THE Philippine government is committed to reverse the decades-long underinvestment in infrastructure, Finance Secretary Benjamin Dio2kno said on Thursday.

“Infrastructure spending is front and center of our growth
strategy. From 2001 to 2015, average infrastructure spending was only at 2 percent of GDP [gross domestic product],” he said at the Philippine Economic Briefing (PEB) held on the sidelines of the World Bank-International Monetary Fund (WB-IMF) Spring Meetings.

Diokno, moreover, said the government is determined to sustain high infrastructure investment for the next six years through the public-private partnership (PPP) mechanism, which will enhance energy, logistics, transportation, telecommunications, and water infrastructure in the country.

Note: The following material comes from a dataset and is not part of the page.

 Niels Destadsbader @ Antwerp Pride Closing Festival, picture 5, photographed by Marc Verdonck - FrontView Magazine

“Now, the spectrum of industries that foreign investors can participate in has grown wider than ever before. The economic liberalization measures that the Philippine government has enacted in recent years have opened up key high-growth sectors to international participation,” the Finance chief added.

The amendments to the Retail Trade Liberalization Act (RTLA), Foreign Investments Act (FIA), and the Public Service Act (PSA) relaxed foreign restrictions on investments in the country.

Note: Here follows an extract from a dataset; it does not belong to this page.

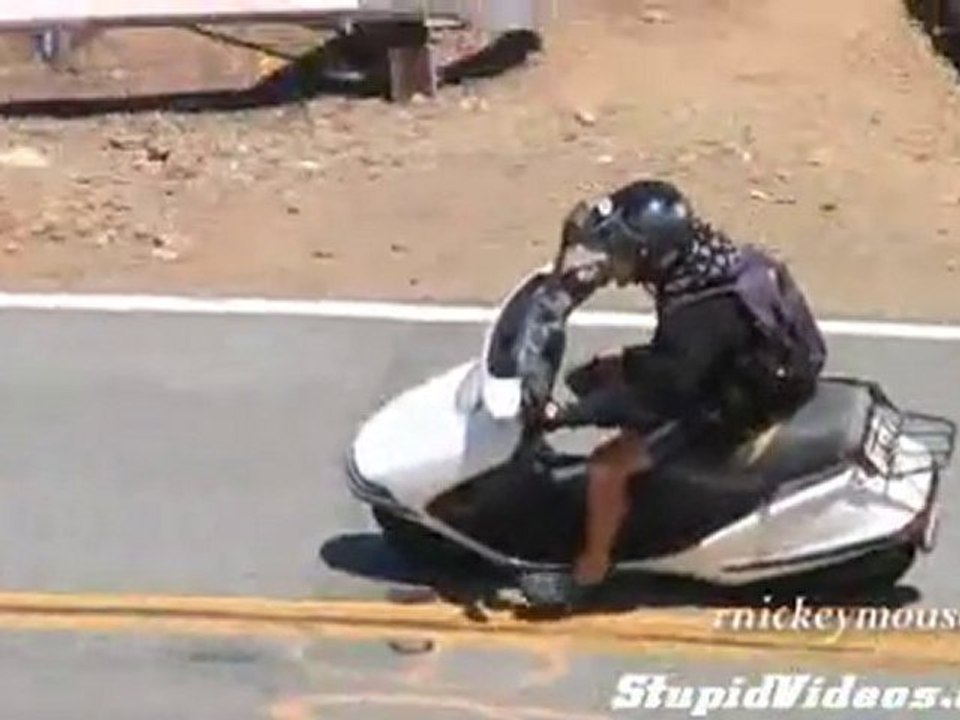 Si schianta col motorino: il guardrail lo salva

Companies engaged in solar, wind, hydro, and tidal energy are also welcome to invest in the Philippines’s renewable energy (RE) sector now that it has been opened up to full foreign ownership, Diokno said.

The Philippines, he added, also offers a simpler and more effective fiscal incentives system that is performance-based, time-bound, targeted, and transparent through the Corporate Recovery and Tax Incentives for Enterprises (CREATE) law.

From August 2021 to December 2022, total investment capital from approved priority activities with incentives under CREATE has already reached P414.3 billion. This covers priority activities above P1 billion.

“[We] invite you to take a look at our Strategic Investment Priority Plan [SIPP], which identifies priority industries, projects, and activities that can be granted fiscal incentives under the CREATE Act,” Diokno said.

The 2022 SIPP serves as the primary basis for determining priority industries, projects, and activities that can be granted fiscal incentives under the CREATE Act.

Categorized into three tiers, priority projects and activities listed under Tier III are directed toward emerging technologies that are consistent with the fourth industrial revolution, such as: artificial intelligence, nanotechnology, biotechnology, advanced digital production technologies, and innovation support facilities including space-related infrastructures.

Moreover, these activities represent those that are qualified for longer income tax holidays.

“The Philippines’ impressive economic performance is the result of years of interconnected structural reforms,” Diokno said.

For his part, Ndiamé Diop (WB Country Director for the Philippines) agreed that opening up key sectors to investment is a significant move for the Philippines.

“It has been recognized that in the context of Philippines, the speed, the scale, and the impact of the infrastructure push would be limited if you don’t open up very key sectors, infrastructure sectors, to all investment, all type of investment including foreign direct investment,” he said.

“In fact, the investment regime of the Philippines has for a long time been one of the most restrictive in the region,” Diop added.

The overall business outlook in the Philippines is more upbeat despite high inflation and external headwinds. The Bangko Sentral ng Pilipinas (BSP)’s recently released Business Expectations Survey (BES) revealed entrepreneurs to be optimistic toward a sustained positive outlook until the next quarter and over the next 12 months.

“Now, we are unfurling our sails to journey towards shared and sustainable economic prosperity, and your investments will be the wind driving this forward,” Diokno said.